SOURCE INFORMATION START

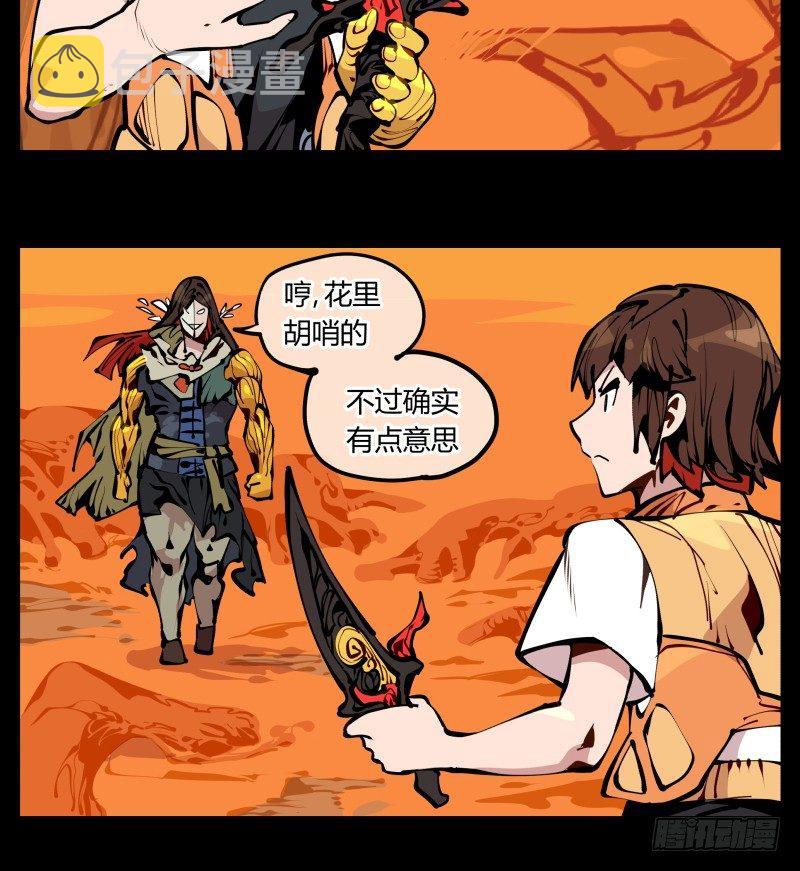 诡园录基础剧情漫画,十七，进来前先说一声啊1图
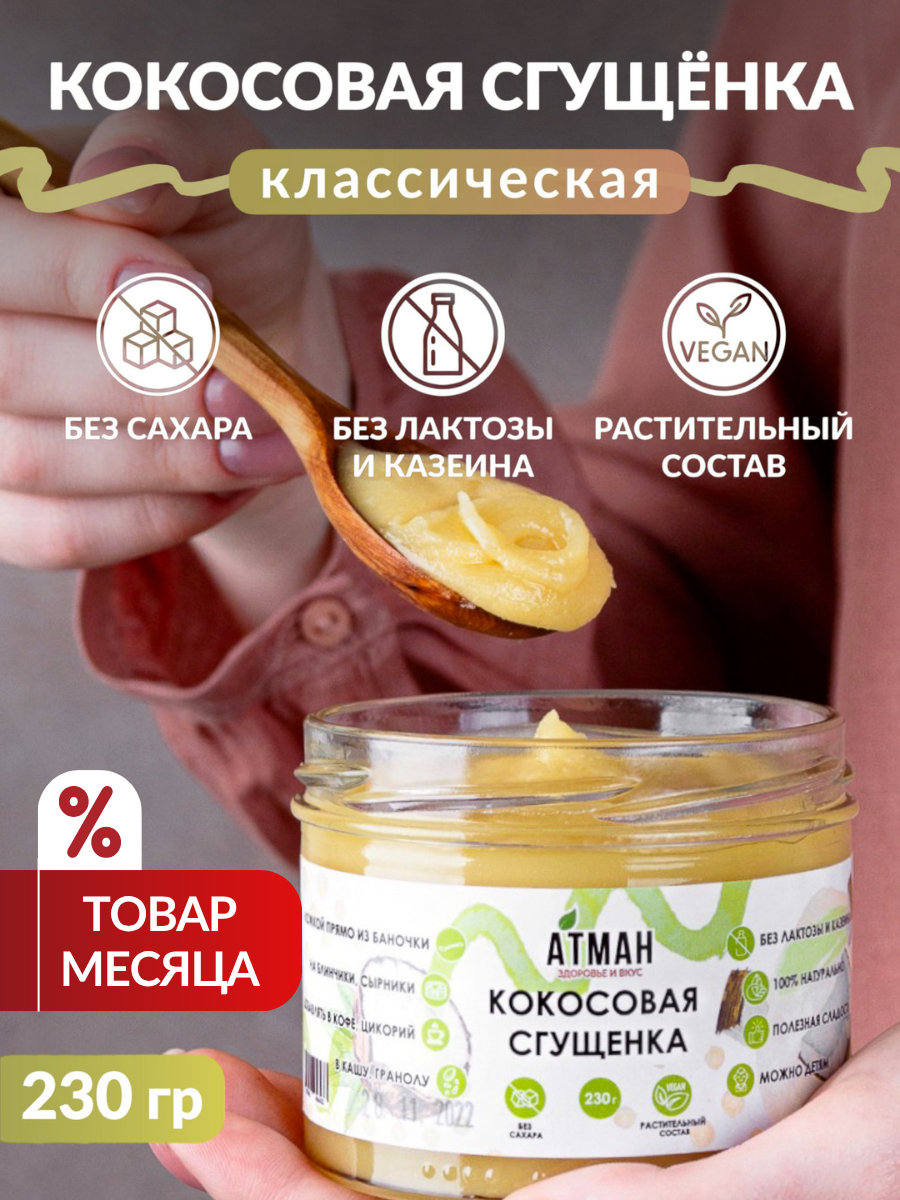 Кокосовая сгущенка без сахара, ПП сладости, веганские продукты, диетические продукты, 330 мл, АТМАН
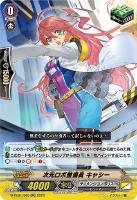 【ヴァンガード】ＲＲ◇次元ロボ整備員　キャシー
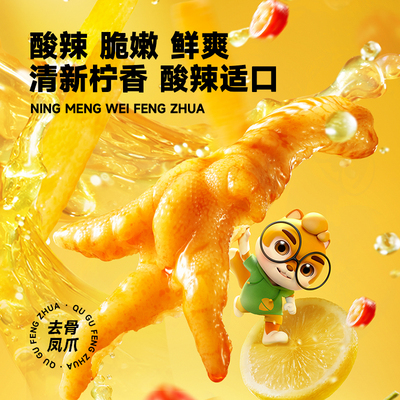 三只松鼠去骨凤爪510g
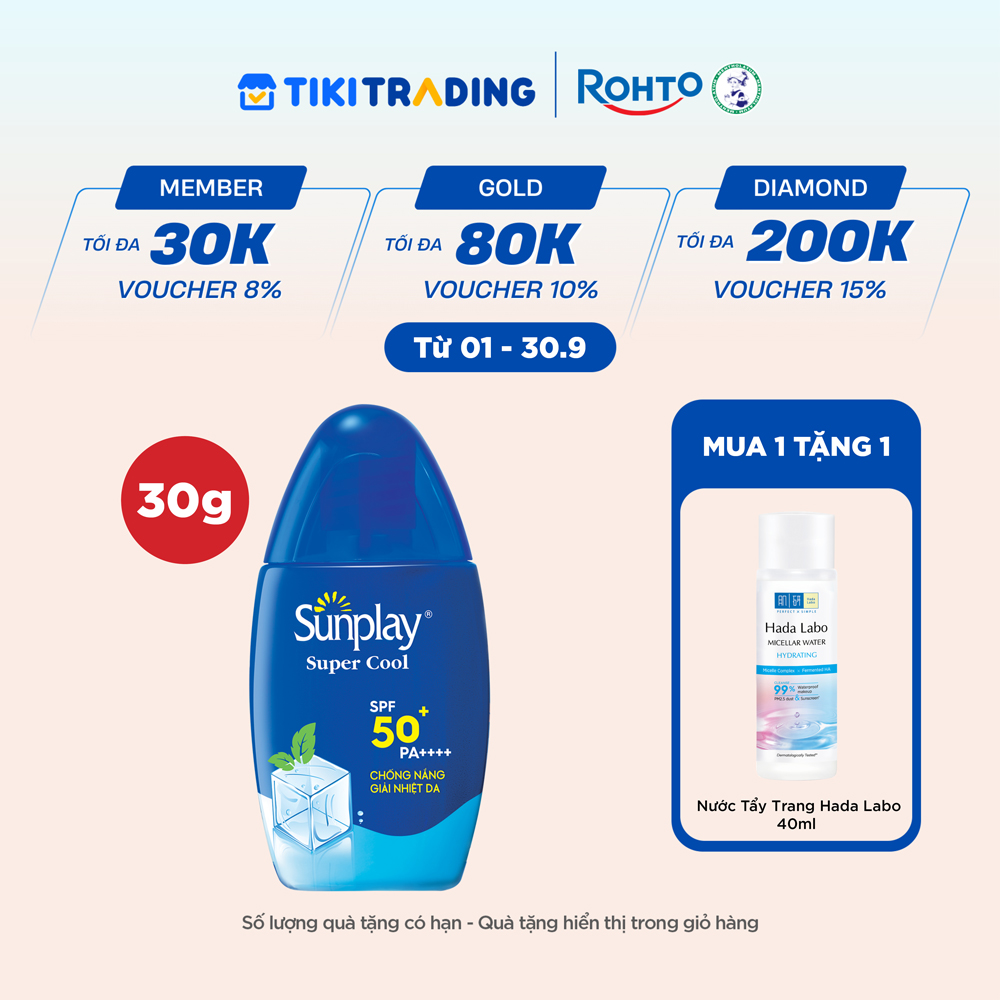 Kem chống nắng Sunplay mát lạnh giải nhiệt dạng sữa Sunplay Super Cool SPF 50,…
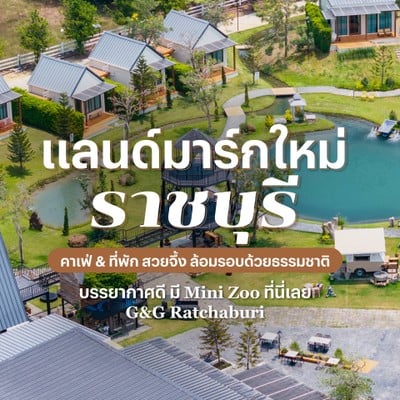 G&G Ratchaburi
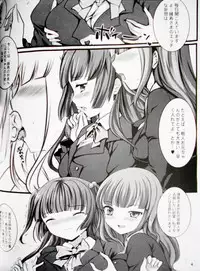 [Kanden Shoujo Chuuihou (Mafuyu)] Imouto Nomi zo Shiru Sekai (Umineko no Naku Koro ni)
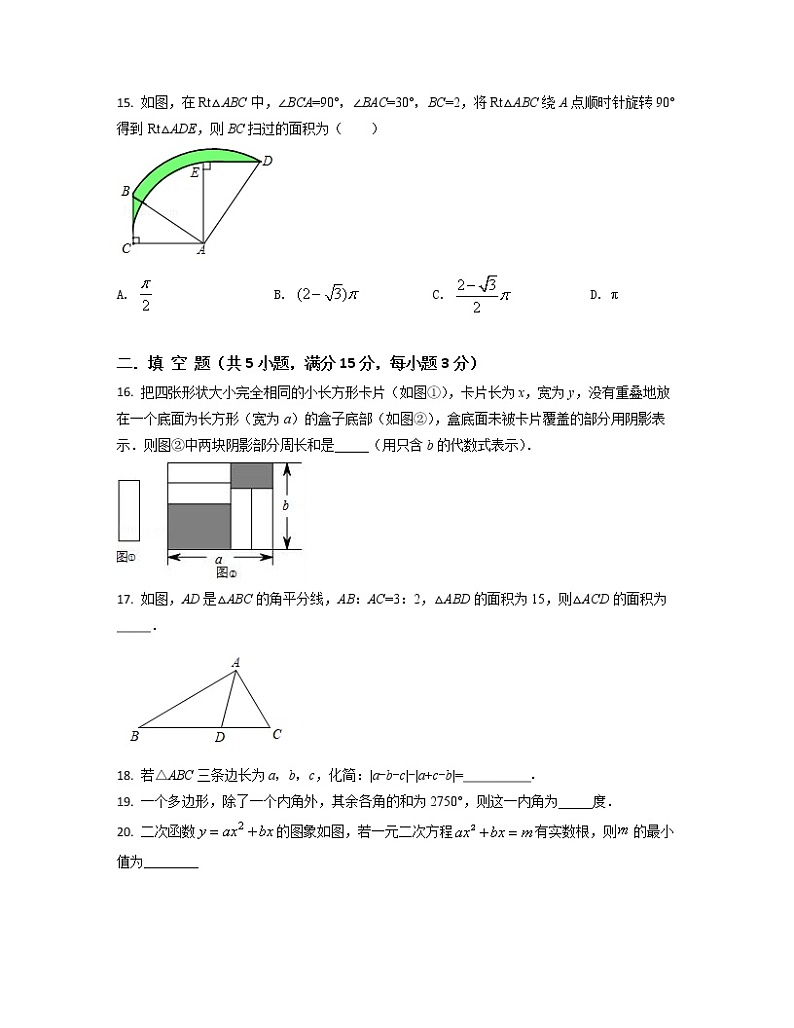 2022-2023学年河北省沧州市中考数学专项提升仿真模拟试题(3月4月)含解析第3页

SOURCE INFORMATION END

▶ **EXERCISE DESCRIPTION**
Give back the material word for word, leaving out its pictures.

▶ **RESULT OF THIS EXERCISE**
 诡园录基础剧情漫画,十七，进来前先说一声啊1图
 Кокосовая сгущенка без сахара, ПП сладости, веганские продукты, диетические продукты, 330 мл, АТМАН
 【ヴァンガード】ＲＲ◇次元ロボ整備員　キャシー
 三只松鼠去骨凤爪510g
 Kem chống nắng Sunplay mát lạnh giải nhiệt dạng sữa Sunplay Super Cool SPF 50,…
 G&G Ratchaburi
 [Kanden Shoujo Chuuihou (Mafuyu)] Imouto Nomi zo Shiru Sekai (Umineko no Naku Koro ni)
 2022-2023学年河北省沧州市中考数学专项提升仿真模拟试题(3月4月)含解析第3页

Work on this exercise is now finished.